To: Terry T. who wrote (11456)7/27/1998 2:22:00 PM
From: Rajeev Mohnot  Read Replies (2) | Respond to of 18444
 
ESVS (real time) bid 2 7/8 ask 3 1/16. What is going on?



To: Terry T. who wrote (11456)7/27/1998 6:34:00 PM
From: Terry T.  Read Replies (1) | Respond to of 18444
 
I had first chance, today, to look at ESVS quarterly filing. ROFLMAO!!
There is not one single future business opportunity, or ray of hope, expressly or indirectly mentioned that is not directly contingent upon closing of the deal with ZULU.

Query what ZULU is getting out of deal, in light of protracted effort to consummate business combination, and lack of private placement funding to date?
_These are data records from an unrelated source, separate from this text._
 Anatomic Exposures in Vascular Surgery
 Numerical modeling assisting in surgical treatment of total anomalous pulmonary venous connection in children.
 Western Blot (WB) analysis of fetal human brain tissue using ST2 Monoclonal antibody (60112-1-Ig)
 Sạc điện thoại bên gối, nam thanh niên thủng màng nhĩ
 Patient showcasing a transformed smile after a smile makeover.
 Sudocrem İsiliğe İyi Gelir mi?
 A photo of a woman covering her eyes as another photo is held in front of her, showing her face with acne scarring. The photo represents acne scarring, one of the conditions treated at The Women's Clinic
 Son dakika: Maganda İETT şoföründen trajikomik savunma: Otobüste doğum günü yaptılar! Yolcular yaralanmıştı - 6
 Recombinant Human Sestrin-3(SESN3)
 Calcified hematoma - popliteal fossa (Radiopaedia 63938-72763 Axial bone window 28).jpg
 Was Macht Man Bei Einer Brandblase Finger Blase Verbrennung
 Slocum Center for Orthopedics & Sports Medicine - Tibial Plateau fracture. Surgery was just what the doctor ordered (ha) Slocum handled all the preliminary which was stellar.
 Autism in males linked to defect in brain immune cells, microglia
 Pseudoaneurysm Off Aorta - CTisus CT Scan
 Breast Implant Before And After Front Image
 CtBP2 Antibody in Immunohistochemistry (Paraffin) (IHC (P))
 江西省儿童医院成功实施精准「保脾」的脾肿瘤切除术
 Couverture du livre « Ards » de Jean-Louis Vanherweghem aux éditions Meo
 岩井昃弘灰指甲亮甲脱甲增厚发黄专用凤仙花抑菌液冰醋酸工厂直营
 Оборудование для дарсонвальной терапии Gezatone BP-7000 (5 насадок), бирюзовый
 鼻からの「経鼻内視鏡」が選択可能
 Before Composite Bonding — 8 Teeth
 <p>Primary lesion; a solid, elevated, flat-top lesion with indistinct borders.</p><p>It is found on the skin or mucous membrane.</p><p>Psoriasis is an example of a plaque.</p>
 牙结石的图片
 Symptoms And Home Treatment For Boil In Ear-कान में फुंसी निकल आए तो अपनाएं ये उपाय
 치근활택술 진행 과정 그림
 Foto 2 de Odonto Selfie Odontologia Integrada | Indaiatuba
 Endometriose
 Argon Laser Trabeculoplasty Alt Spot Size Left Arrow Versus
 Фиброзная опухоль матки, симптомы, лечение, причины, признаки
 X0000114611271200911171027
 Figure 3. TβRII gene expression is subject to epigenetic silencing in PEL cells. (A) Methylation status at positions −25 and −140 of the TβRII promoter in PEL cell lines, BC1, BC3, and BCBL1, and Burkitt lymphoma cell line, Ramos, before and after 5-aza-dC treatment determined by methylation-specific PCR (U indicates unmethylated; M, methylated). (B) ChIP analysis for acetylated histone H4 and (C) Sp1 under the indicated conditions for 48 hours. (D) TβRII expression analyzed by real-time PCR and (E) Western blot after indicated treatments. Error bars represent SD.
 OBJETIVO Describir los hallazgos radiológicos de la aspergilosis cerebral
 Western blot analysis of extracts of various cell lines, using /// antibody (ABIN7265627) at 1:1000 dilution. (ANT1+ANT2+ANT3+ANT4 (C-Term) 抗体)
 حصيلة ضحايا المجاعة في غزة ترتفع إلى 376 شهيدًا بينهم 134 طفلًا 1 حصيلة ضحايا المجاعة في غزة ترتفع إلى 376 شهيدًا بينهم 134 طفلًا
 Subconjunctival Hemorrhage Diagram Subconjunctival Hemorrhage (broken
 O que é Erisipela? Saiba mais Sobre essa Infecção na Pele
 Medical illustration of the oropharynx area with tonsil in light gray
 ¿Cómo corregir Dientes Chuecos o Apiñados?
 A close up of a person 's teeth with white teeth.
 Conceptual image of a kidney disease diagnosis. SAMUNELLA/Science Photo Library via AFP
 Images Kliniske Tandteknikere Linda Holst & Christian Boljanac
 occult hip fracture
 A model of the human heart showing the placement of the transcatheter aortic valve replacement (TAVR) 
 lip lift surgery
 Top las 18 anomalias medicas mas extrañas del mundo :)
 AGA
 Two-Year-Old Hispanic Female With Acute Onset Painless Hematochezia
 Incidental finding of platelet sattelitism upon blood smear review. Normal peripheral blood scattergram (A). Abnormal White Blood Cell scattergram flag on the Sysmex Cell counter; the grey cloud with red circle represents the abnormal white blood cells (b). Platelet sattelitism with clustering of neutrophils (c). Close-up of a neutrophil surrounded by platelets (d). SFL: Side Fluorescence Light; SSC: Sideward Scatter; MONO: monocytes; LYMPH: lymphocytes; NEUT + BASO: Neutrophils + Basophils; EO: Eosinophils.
The 2 reasons to pursue ESVS, (i) capital and (ii) easy access to a shell to effect reverse merger, have not been realized, nor is there any indication of an early resolution of these 2 "benefits" of dealing with ESVS.

Can any one help with this: ESVS identifies "address of principal executive offices" as the El Segundo address for ZULU, but then later on identifies a consolidation of offices in Irvine, CA. Does that mean that only ESVS management is sharing offices at ZULU's offices. If so, what operations (if any) really exist in Irvine?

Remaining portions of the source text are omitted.